CSymbol

Frank Mitchell

Posted: 2023-03-20
Word Count: 420
Tags: c-programming programming vaporware

To represent character encoding names in M-Strings I created a small API inspired by JavaScript Symbols. After some thought I realized it was only loosely related to M-Strings and could be useful in other contexts.

Symbols

Symbols are unique, interned values. They’re used for significant and often-used strings like character encoding names, HTTP method names, function and variable names, etc.

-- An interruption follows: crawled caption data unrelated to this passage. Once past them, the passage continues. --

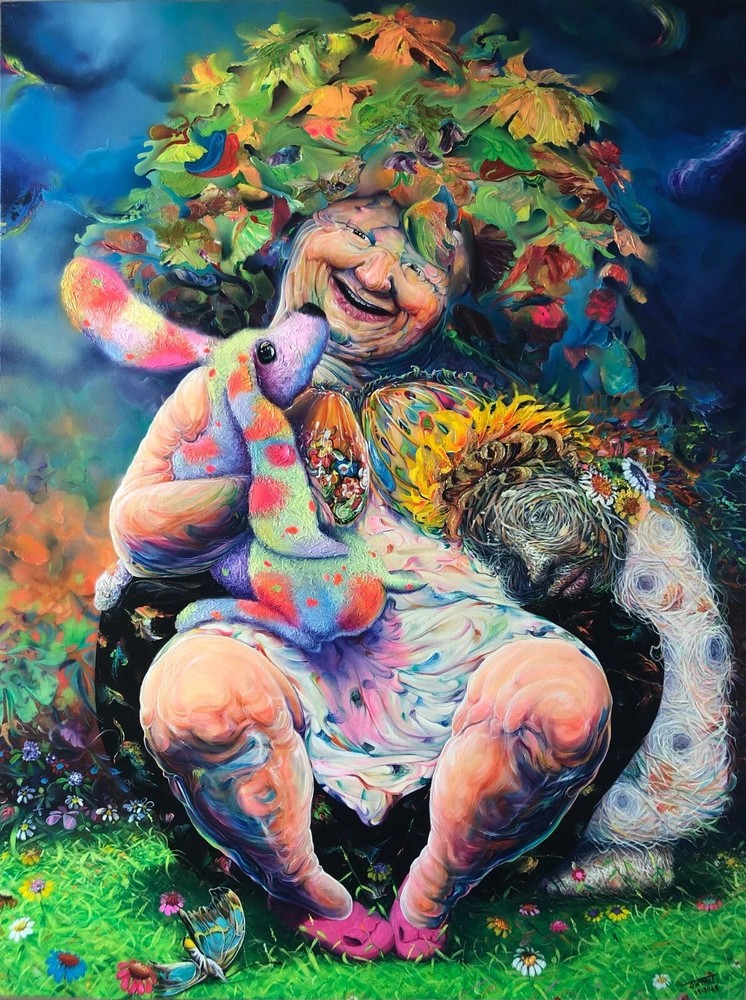 ALAIN DONATE SURREAL Oil Painting CANVAS Collectible ORIGINAL CUBAN ART 36″X48″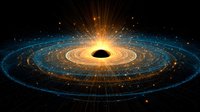 Cosmic black hole with glowing golden and blue accretion disk against dark space background, radiating light beams in spectacular astronomical phenomenon.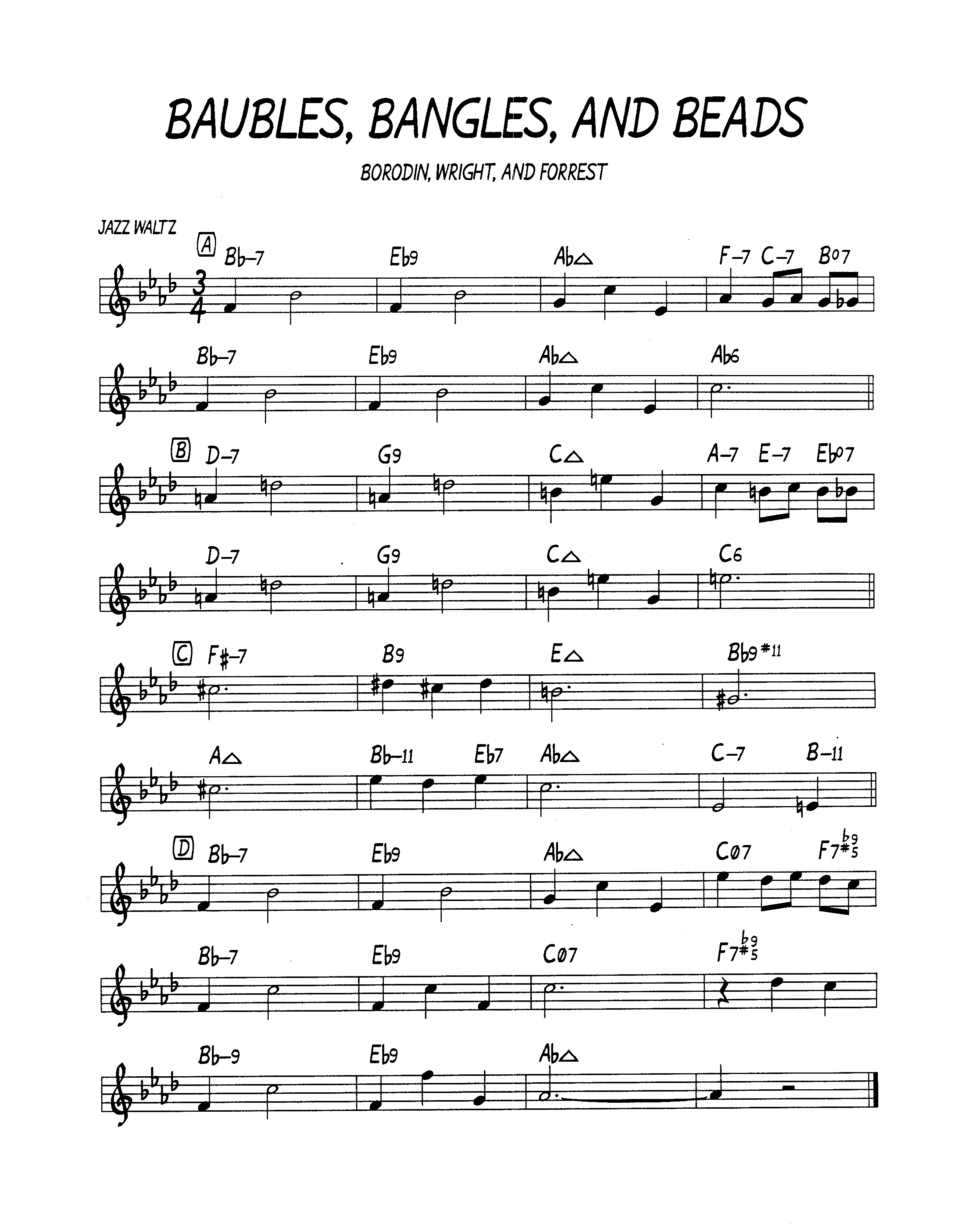 Ноты джазового стандарта: Baubles bangles and beads (Borodin/Wright/Forrest)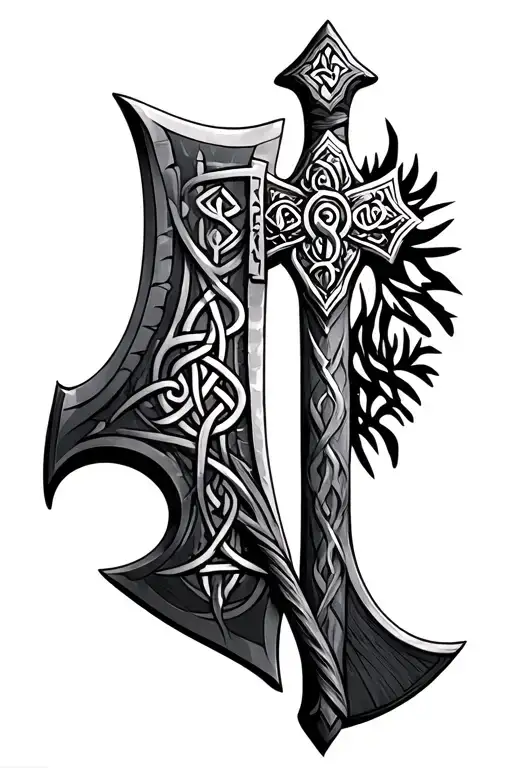 sleeve tattoo of norse viking axe with Celtic cross, runes and knot designs. tattoo design idea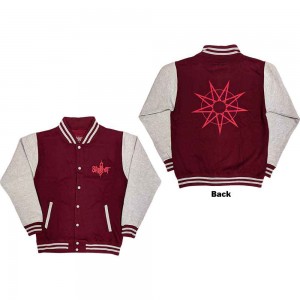 Slipknot Unisex Varsity Jacket: 9 Point Star (Maroon Red & Grey) (Back Print) (Medium)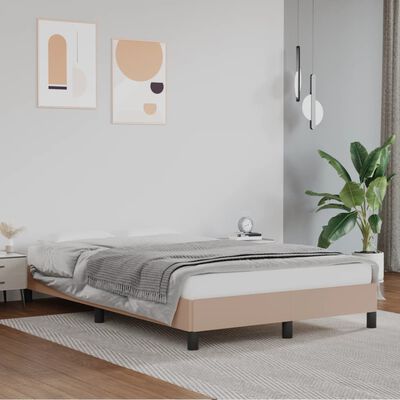 vidaXL Bettgestell Cappuccino-Braun 120x190 cm Kunstleder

Symbols cannot be used like C strings. Instead use C_Symbol_as_cstring(sym).

API

#include <stdbool.h>
#include <syst/types.h>

typedef unsigned char utf8_t;

/**
 * A unique value sometimes tied to a string value.
 * The mapping to strings, if any, resides in a thread-safe global hashtable.
 */
typedef struct _C_Symbol* C_Symbol;

/**
 * Determines whether `p` is a C_Symbol.
 * The implementation checks whether `p` is in the right memory range instead
 * of dereferencing it, in case it points to an invalid memory location.
 */
bool is_C_Symbol(void* p);

/**
 * Return a new Symbol value unique in the current instance of the host program.
 * The value isn't guaranteed to be unique across all parallel or future
 * instances in memory.
 * The Symbol has no corresponding string value.
 */
C_Symbol C_Symbol_new();

/**
 * Return a Symbol value unique in current memory, indexed by `cstr`.
 * Since `cstr` is a C string, it cannot contain embedded nulls.
 * By convention, symbols don't contain whitespace or non-printable characters,
 * but this is not a hard and fast rule.
 */
C_Symbol C_Symbol_for_cstring(const char* cstr);

/**
 * Return a Symbol value unique in current memory, 
 * indexed by a UTF-8 string of length 'len' starting at `uptr`.
 * The string may contain embedded nulls.
 * By convention, symbols don't contain whitespace or non-printable characters,
 * but this is not a hard and fast rule.
 */
C_Symbol C_Symbol_for_utf8_string(size_t len, const utf8_t* uptr);

/**
 * The value of the string used to create the symbol.
 * This is a copy of the string passed into `C_Symbol_for_cstring`
 * or `C_Symbol_for_utf8_string` with embedded nulls replaced with '\xC0\x80',
 * "" if the symbol was created by `C_Symbol_new`,
 * or NULL if the symbol value is invalid (e.g. another type of object).
 */
const char* C_Symbol_as_cstring(C_Symbol sym);

/**
 * Copy the first `len` bytes of the string used to create `sym` into `buf`.
 * The string may contain embedded nulls.
 * The return value will be the number of UTF-8 bytes written to `buf`;
 * if 0 the symbol has no corresponding string value,
 * and if negative `sym` is not a C_Symbol.
 */
ssize_t C_Symbol_as_utf8_string(C_Symbol sym, size_t len, utf8_t* buf);